Monday, December 31, 2007

Book Project: Generation X

In 2007 I set out to read a book each month recommended by someone whose literary tastes I admire, and then sit down and discuss the book over his/her beverage of choice. These are the results.

Generation X: Tales for an Accelerated Culture
By Douglas Coupland
Read: January 2007

The first book I read in 2007, Douglas Coupland's Generation X: Tales for an Accelerated Culture, turned out to be the worst book I’d read in 15 years, and possibly ever, and it nearly derailed my whole ridiculous Book Project. My ex-girlfriend* (henceforth to be known as “Fran,” not her real name) recommended Generation X and then declined to participate in any discussion because her Rules-reading girlfriends convinced her that this project was just an elaborate ruse to rekindle our relationship. Sigh.

Rather than give up and throw in the towel, I continued reading and cobbled together this review from two e-mails Fran sent when she recommended the book.

“You see, when you’re middle class, you have to live with the fact that history will ignore you. You have to live with the fact that history can never champion your causes and that history will never feel sorry for you. It is the price that is paid for day-to-day comfort and silence. And because of this price, all happinesses are sterile; all sadnesses go unpitied.”

OMG. What a fucking douche. This passage sealed the book as the king of self-pitying writing.

Spoiler alert: From this point forward, the novel barrel rolls into an anti-climactic finale in which the narrator receives a loving, gentle beat-down by “a dozen or so mentally retarded young teenagers” (177). Again I say, what a douche. This is the kind of bullshit creationism someone who has never worked in the mental health field would invent.
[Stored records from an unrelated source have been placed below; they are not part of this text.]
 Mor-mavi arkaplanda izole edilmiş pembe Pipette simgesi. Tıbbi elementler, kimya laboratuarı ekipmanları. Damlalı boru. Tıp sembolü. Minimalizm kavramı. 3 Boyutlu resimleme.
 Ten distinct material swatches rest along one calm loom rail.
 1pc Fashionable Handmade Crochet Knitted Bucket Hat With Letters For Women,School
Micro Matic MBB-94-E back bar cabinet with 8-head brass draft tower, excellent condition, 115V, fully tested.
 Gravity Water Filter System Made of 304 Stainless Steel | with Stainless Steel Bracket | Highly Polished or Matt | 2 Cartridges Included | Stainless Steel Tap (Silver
I worked with developmentally disabled adults for three and a half years, and the beatings I took were never gentle and the broken bones and bites that required a tetanus shot are evidence to that fact. No, the type of violence enacted upon me is best described in Retardation: A Celebration:

“And while they might not be as strong as apes, don’t lock eyes with them. Don’t do it. Puts them on edge. They might go into berserker mode, come at you like a whirling dervish-all fists and elbows. You might be screaming, ‘No! No! No!’-all they hear is ‘Who wants cake?’ Let me tell you something. They all do. They all want cake.”
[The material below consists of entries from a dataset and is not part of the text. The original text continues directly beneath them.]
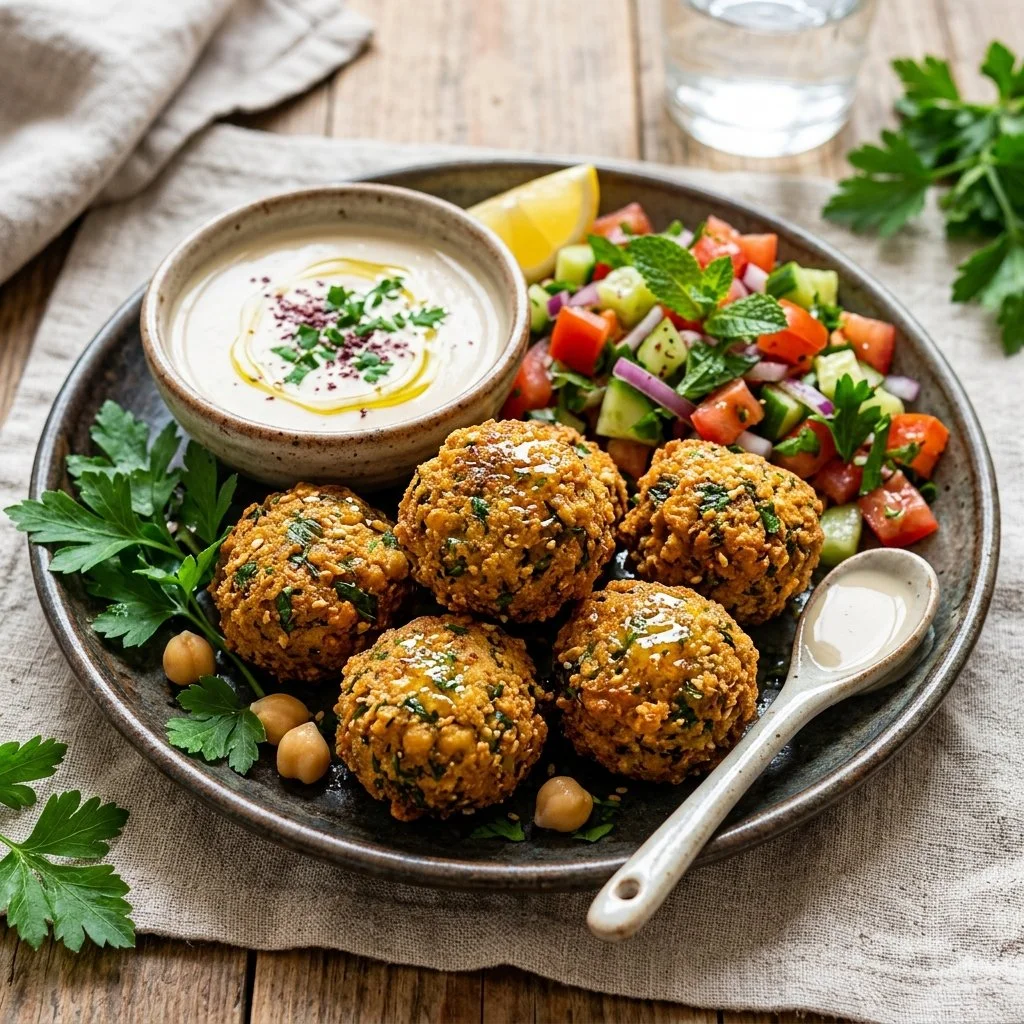 Delicious falafel served with fresh vegetables and sauce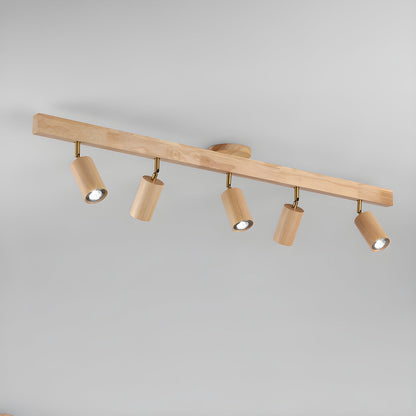 Natural Wood Beam Spotlight | Walnut Finish | 2 to 5 Heads Available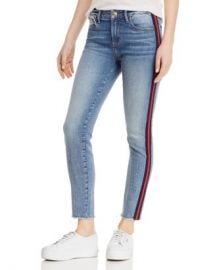 AQUA Track Stripe Frayed Skinny Jeans in Navy Red - 100  Exclusive  Women - Bloomingdale s at Bloomingdales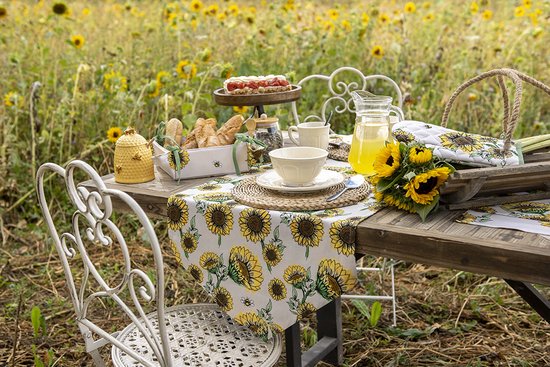 Clayre & Eef Keukenschort 70x85 cm Beige Geel Katoen Zonnebloemen BBQ Schort Cadeau voor haar Kookschort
Finally, I was insulted by the packaging and shitty copy editing of the novel. The editors didn’t run a spell check or Coupland forgot to define “husbnad" on page 153. Despite his character’s stance against shopping malls, Coupland’s true anti-environmental nature is revealed by the Gen X’s wasteful design. I’ve worked in publishing, and I recognize that authors do not have complete control over layout and design, but the deliberately wasted space in this book is pretentious. After all its griping about the evils of shopping malls, the packaging of Generation X is a shopping mall: big, bulky, square, with lots of unused space inside. Coupland eschews paragraph breaks on the first page of each chapter, choosing to use paragraph character marks instead. Why? Affectation. Perhaps my indignation over wasted paper is a symptom of what Coupland calls on page 127 “Paper Rabies: Hypersensitivity to littering.” Right, Dougie, we should just tolerate the jerks who come in from the suburbs to drop trash in the city.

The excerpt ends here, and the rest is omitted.